Source: https://github.com/multiformats/go-multihash/blob/master/multihash.go#L146

From @alexanderattar on Tue Apr 18 2017 19:55:42 GMT+0000 (UTC)

maybe I just haven’t put all the pieces together, but I’m wondering if anyone here can off-hand explain the steps for how one might precompute the IPFS hash (Under the current build) given some JSON. Thanks in advance!

From @RichardLitt on Tue Apr 18 2017 19:57:02 GMT+0000 (UTC)

@alexanderattar You can do that using ipfs add -n, iirc. It doesn’t add it to IPFS, it merely spits out the hash for you.

From @alexanderattar on Tue Apr 18 2017 20:09:49 GMT+0000 (UTC)

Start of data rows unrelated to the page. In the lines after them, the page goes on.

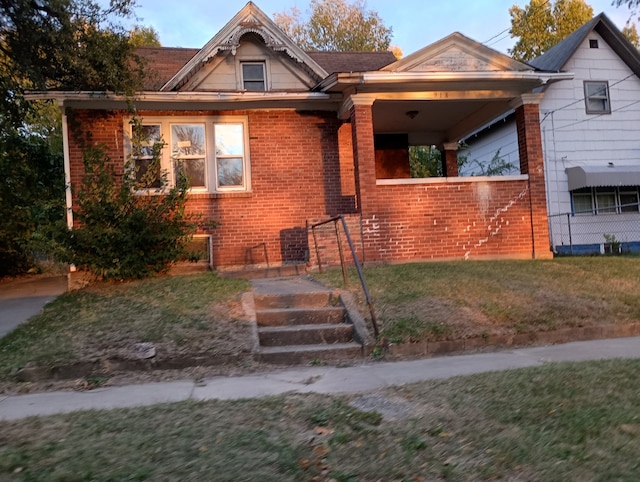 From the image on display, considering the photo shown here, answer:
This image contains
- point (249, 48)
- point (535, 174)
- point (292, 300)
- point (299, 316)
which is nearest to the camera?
point (299, 316)

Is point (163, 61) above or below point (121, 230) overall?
above

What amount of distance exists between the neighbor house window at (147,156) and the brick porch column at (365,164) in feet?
12.4

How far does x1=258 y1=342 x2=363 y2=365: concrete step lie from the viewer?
6.44m

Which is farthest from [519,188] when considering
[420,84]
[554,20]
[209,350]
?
[554,20]

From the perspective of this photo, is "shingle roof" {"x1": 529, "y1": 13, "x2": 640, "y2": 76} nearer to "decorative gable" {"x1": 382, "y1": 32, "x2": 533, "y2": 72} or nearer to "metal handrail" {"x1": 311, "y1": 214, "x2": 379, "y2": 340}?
"decorative gable" {"x1": 382, "y1": 32, "x2": 533, "y2": 72}

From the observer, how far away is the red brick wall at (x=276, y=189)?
11461mm

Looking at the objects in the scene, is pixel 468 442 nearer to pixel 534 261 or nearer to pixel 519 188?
pixel 534 261

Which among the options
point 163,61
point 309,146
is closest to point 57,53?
point 163,61

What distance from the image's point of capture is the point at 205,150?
11672 mm

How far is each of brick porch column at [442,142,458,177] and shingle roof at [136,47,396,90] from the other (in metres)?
2.85

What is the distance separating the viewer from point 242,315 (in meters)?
7.32

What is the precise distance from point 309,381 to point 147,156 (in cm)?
736

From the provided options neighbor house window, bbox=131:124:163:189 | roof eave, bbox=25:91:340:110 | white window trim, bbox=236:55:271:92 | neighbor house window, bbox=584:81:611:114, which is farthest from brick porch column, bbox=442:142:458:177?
neighbor house window, bbox=131:124:163:189

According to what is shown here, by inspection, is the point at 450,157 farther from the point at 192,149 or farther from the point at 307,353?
the point at 307,353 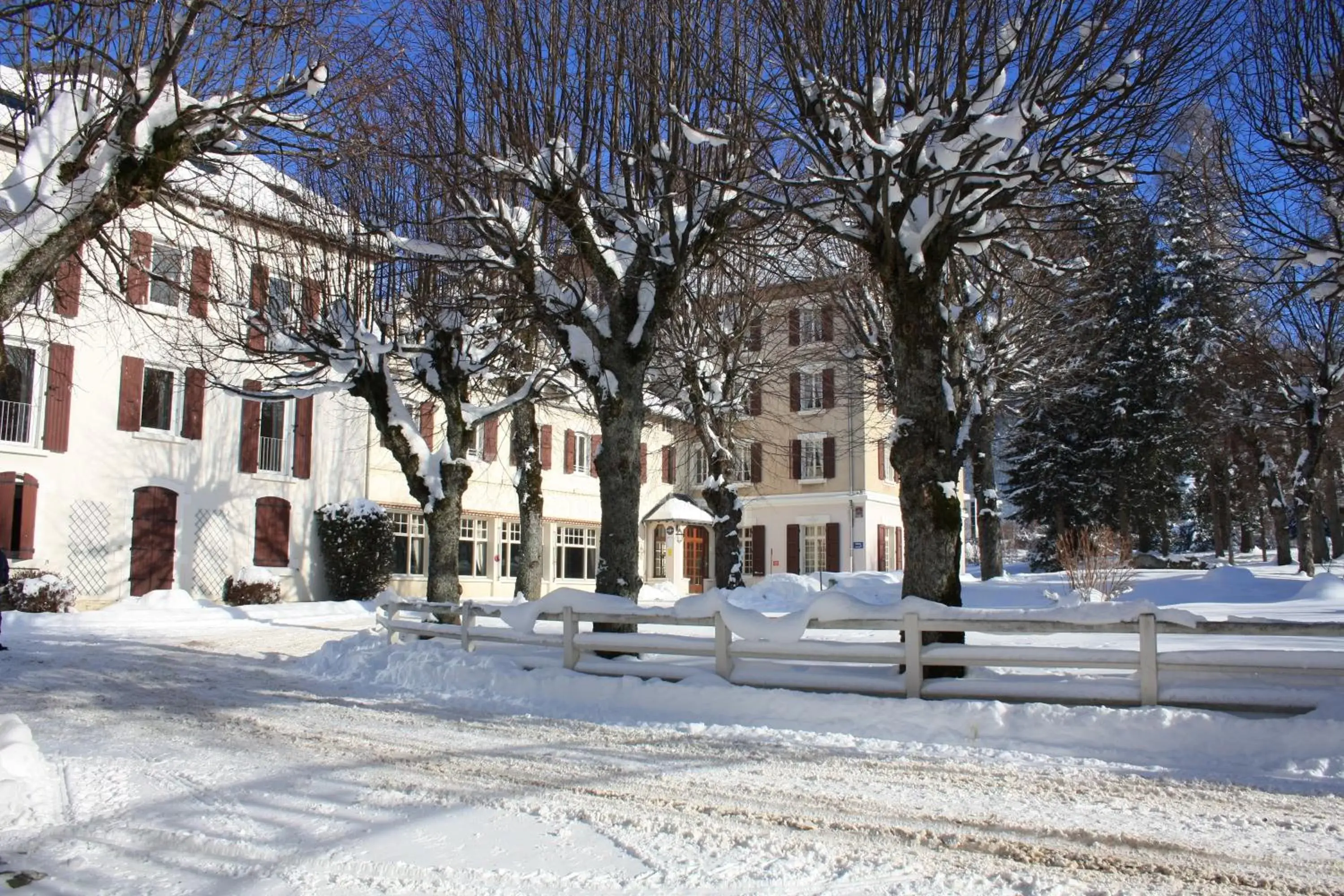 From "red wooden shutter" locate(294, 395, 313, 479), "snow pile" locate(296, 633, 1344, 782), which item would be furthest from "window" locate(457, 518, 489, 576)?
"snow pile" locate(296, 633, 1344, 782)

ah thanks @RichardLitt! I guess my question is actually in regard to how I would approach this programmatically by running the JSON through the encoding algorithms without necessarily using the IPFS CLI. I am looking to take some JSON I have in JavaScript and precompute the hash before sending to IPFS if that helps explain the use-case.

From @alexanderattar on Tue Apr 18 2017 21:12:32 GMT+0000 (UTC)

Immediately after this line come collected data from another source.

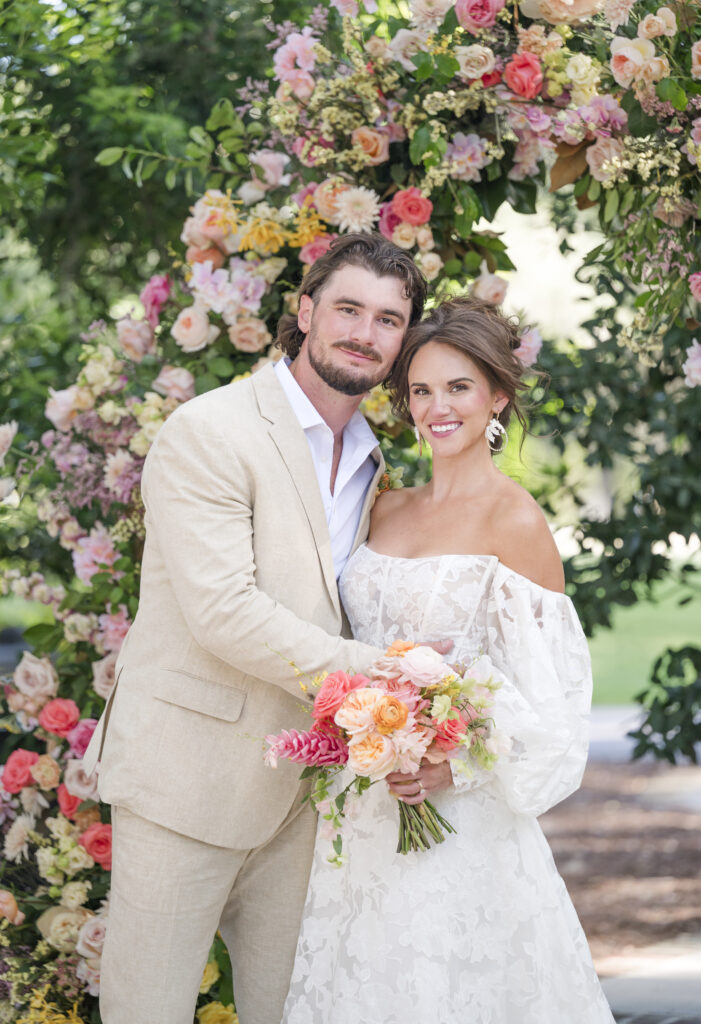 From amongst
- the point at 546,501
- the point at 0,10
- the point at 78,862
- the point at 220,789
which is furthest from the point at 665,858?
the point at 0,10

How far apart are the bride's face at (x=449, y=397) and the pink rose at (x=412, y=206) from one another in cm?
62

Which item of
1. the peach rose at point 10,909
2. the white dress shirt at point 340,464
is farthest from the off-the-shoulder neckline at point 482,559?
the peach rose at point 10,909

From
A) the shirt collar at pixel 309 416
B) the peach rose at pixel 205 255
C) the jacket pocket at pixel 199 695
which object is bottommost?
the jacket pocket at pixel 199 695

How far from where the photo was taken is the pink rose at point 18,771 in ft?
11.3

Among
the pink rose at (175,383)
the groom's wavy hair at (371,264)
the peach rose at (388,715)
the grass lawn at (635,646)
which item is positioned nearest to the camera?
the peach rose at (388,715)

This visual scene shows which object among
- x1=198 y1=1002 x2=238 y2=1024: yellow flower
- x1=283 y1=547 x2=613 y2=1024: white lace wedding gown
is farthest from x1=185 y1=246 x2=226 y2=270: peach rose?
x1=198 y1=1002 x2=238 y2=1024: yellow flower

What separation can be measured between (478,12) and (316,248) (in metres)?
0.77

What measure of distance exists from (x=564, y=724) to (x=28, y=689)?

I just want to add that I have tried encrypting JSON via sha256 to get a hash such as 4f72333148622e4ae56e9c65d57aee47186cd6910ca080757ab72cc0c650f6bb and have prefixed this with 1220 and then taken the entire string with the prefix:

122000c75938d356b000b34e7f7885f8982f29d89af76c234a8d439486b40fdc5469

and after running that through a base58 encoding, I get a hash that resembles an IPFS hash with the prefixed Qm, but the hash is not consistent with was is returned from adding the same JSON to IPFS via the command-line. I am wondering if I am doing something wrong, or missing a step. Thanks again!

From @Kubuxu on Tue Apr 18 2017 21:45:08 GMT+0000 (UTC)

Try doing the add with --raw-leaves option instead but now you have to add a CID at the front. https://github.com/ipld/cid

Where raw block has multicodec of 0x55.

From @alexanderattar on Tue Apr 18 2017 22:01:44 GMT+0000 (UTC)

Thanks @Kubuxu but I just want to reiterate that I am not looking to use the ipfs CLI, but rather go through the necessary encryption and encoding steps to get from JSON to a IPFS hash. So far my method has been:

Take the JSON and encode via SHA256 to get the digest, then prefix the digest with 1220 as described here, so the entire hex string is composed of the prefix plus the digest and then base58 encoded. Does any of this approach sound incorrect?

From @Kubuxu on Tue Apr 18 2017 22:03:24 GMT+0000 (UTC)

IPFS by default also wraps the file you give it into some metadata used by ipfs itself. That is why it is different. --raw-leaves utilizes CID to communicate to others that data under the hash has no wrapping.

From @alexanderattar on Wed Apr 19 2017 17:47:50 GMT+0000 (UTC)

Wow, I was not aware of that, but that does explain why the hash is different. Is there documentation on the metadata IPFS wraps the file in before generating the SHA256 digest? I tried using the --raw-leaves flag which indeed gives me a different hash:

{"Name":"myfile.txt","Hash":"zb2rhnyuQdBJVhb3j7FAL1NRUrQu4TMkb7zED9S5sh2YCKd62"}

but I have not found any documentation on what algorithms and processing the data goes through to produce this hash.